YOUR TASK: Without including the images, transcribe each record precisely as it appears below.
[[ RECORDS SHOWN, beginning ]]
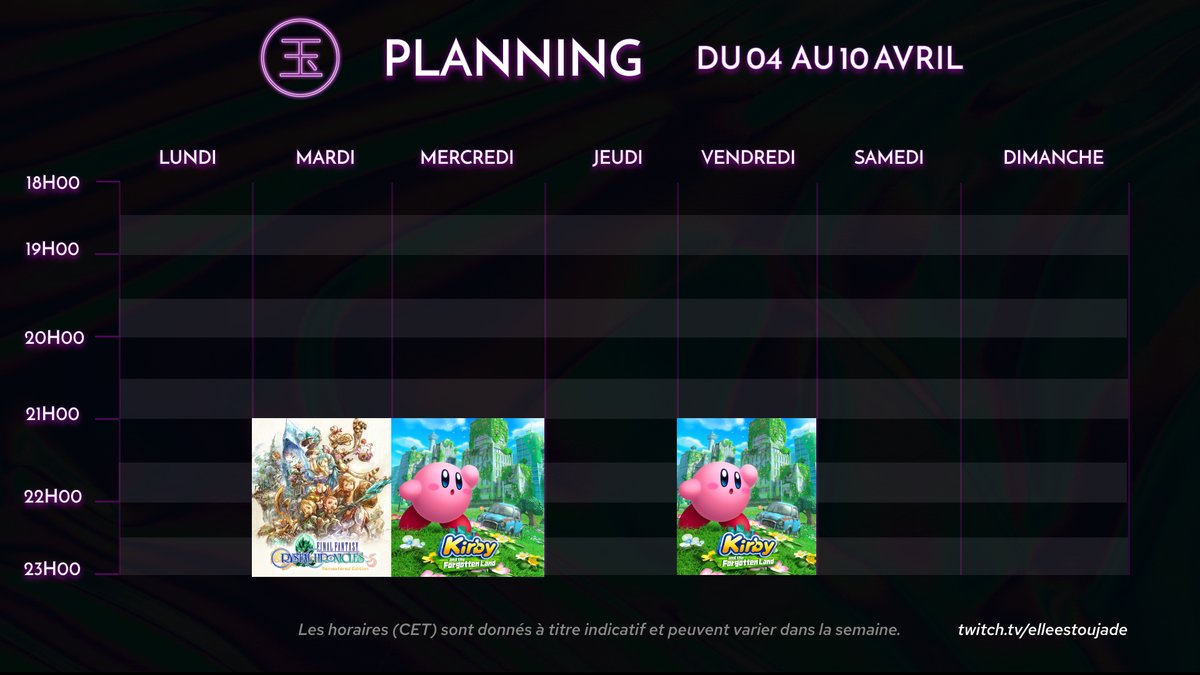 Planning de la semaine 💜 RPG x Kirby vibes !!
Bon lundi :)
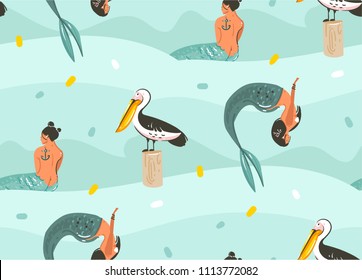 Hand drawn vector abstract cartoon graphic summer time underwater illustrations seamless pattern with pelican bird,fishes and beauty bohemian mermaid girls characters isolated on blue background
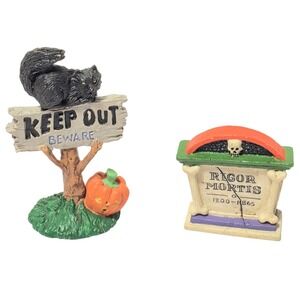 Midwest Importers Halloween Black Cat Keep Out Sign & Rigor Mortis Tombstone Set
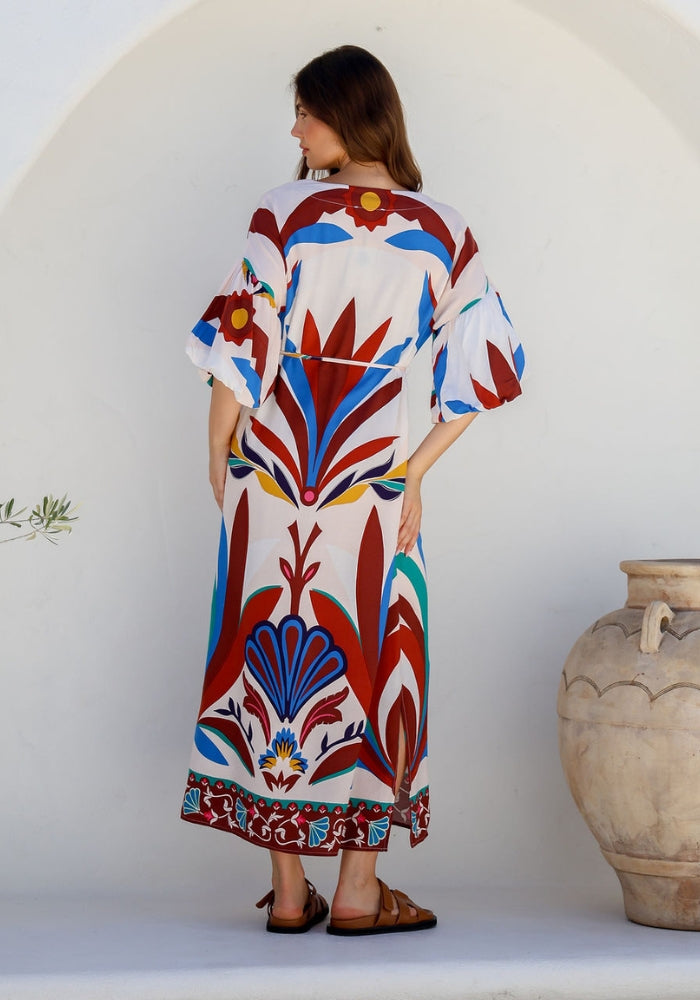 Load image into Gallery viewer, ADELAIDE MAXI DRESS - MULTI PRINT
[[ RECORDS SHOWN, end ]]
OUTPUT FOR THIS TASK:
 Planning de la semaine 💜 RPG x Kirby vibes !!
Bon lundi :)
 Hand drawn vector abstract cartoon graphic summer time underwater illustrations seamless pattern with pelican bird,fishes and beauty bohemian mermaid girls characters isolated on blue background
 Midwest Importers Halloween Black Cat Keep Out Sign & Rigor Mortis Tombstone Set
 Load image into Gallery viewer, ADELAIDE MAXI DRESS - MULTI PRINT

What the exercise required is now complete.